Across the country, there’s a growing sentiment to turn back to our roots. Both in terms of how we grow our food and the heirloom seeds that we use to do it. Heritage grains, those that were around long before grains were widely hybridized to boost yield, are a part of the growing phenomenon, according to a story in Pacific Standard.
Einkorn the Answer
One in particular that's getting some special attention is einkorn, a nutritious ancient grain that may be digestible to those with gluten allergies, or the more serious celiac disease. Einkorn has a different gluten structure than modern grains, made up of far fewer chromosomes.
Rogosa, in partnership with the University of Massachusetts, Amherst, is testing to see if gluten-sensitive celiacs can tolerate the grain. Rogosa is also growing plants on site and organizing conferences with artisan bakers and crop specialists on the farming of heritage wheats in New England.
Refinement an Issue
Bob Klein, co-owner of Oakland, California’s Oliveto restaurant and founder of Community Grains, thinks that other differences in the modern grain make it intolerable.

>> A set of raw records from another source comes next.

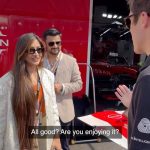 Dhanashree Verma Instagram - We hope you enjoyed your first Formula E experience, @dhanashree9! ⚡️ #hyderabadeprix #motorsport #racing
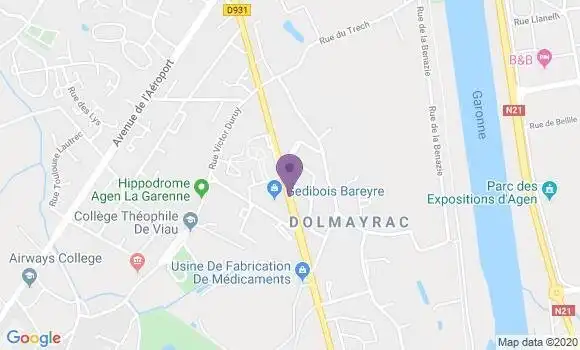 Localisation Broggini Guillaume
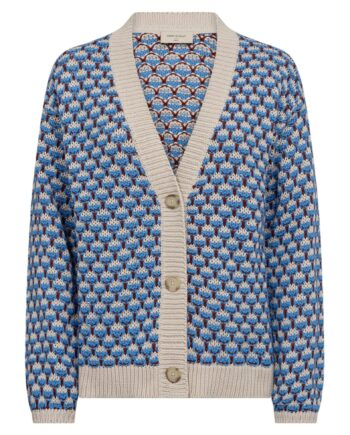Freequent Cardigan Flippy Moonbeam    Azure Blue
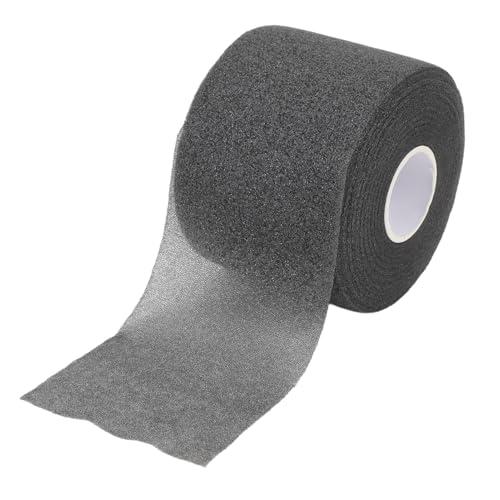 Alomejor Il Cuscino per Racchetta Badminton Migliora la stabilità e Il Controllo con Materiale Poliuretano Premium, per Le Partite di Badminton (Black)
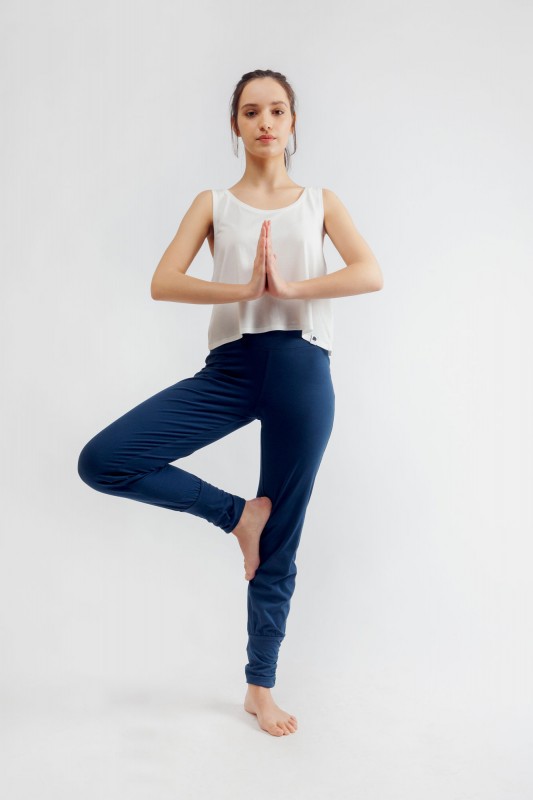Damen Yogahose aus Bio Baumwolle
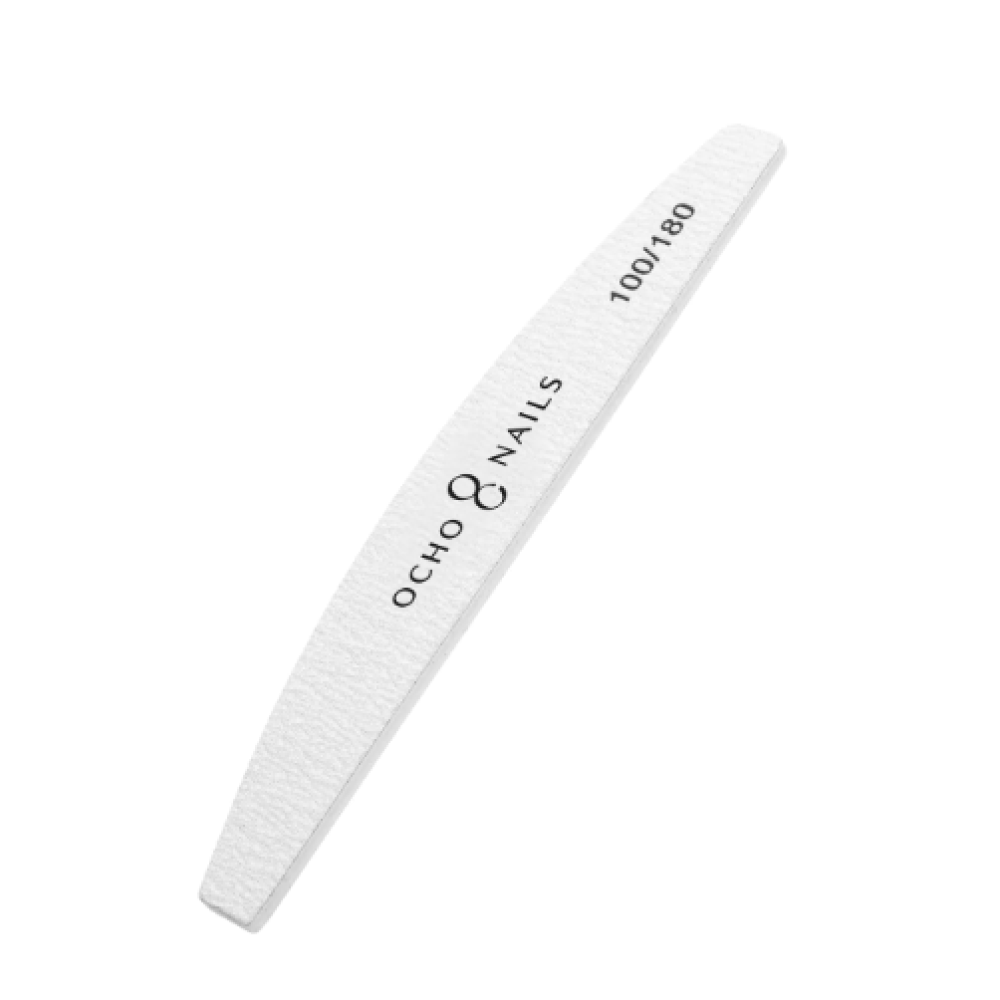 Nagų dildė OCHO NAILS Half Moon File 100/180 (150148)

“Things like goat grass were introduced into the wheat strain, and there’s evidence that some degree of intolerance comes from goat grass,” says Klein to Pacific Standard. If you look at earlier varieties, he explains, you don’t see that problem. “You have this modern phenomenon of lots of people becoming intolerant to gluten, and it’s indisputable. But it’s also very hazy as to what it is exactly, and whether it’s one cause or many. One theory is that we’re responding not to the grain itself but the refinement, and I’m in that class.”
It’s exciting news and it speaks to the need to preserve these ancient grains--around long before refinement and yield became the goal.